Work item — Should an entry contain an image, leave the image out and repeat the entry's text exactly.

Image-text web data:
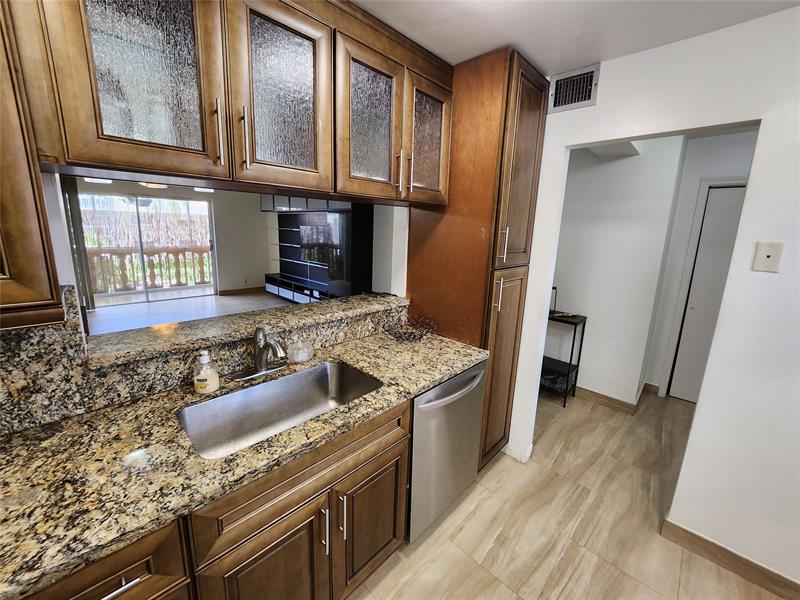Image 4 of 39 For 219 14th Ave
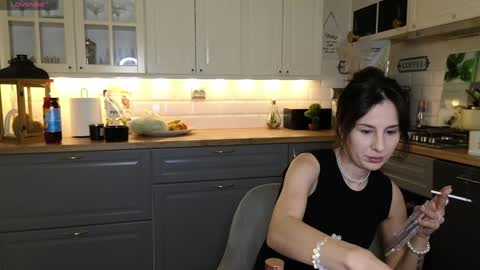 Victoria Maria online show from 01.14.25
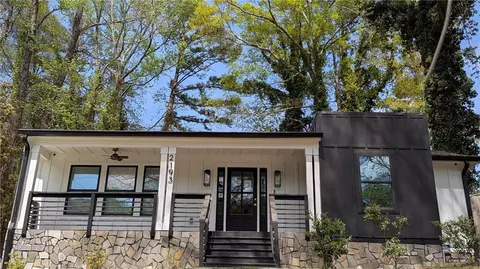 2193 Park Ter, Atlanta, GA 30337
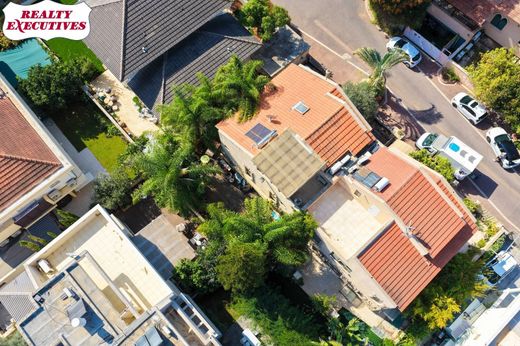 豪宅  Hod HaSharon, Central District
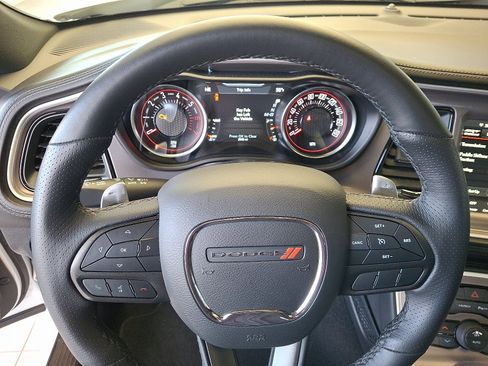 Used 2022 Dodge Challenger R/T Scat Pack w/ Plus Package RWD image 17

Task solution —
Image 4 of 39 For 219 14th Ave
 Victoria Maria online show from 01.14.25
 2193 Park Ter, Atlanta, GA 30337
 豪宅  Hod HaSharon, Central District
 Used 2022 Dodge Challenger R/T Scat Pack w/ Plus Package RWD image 17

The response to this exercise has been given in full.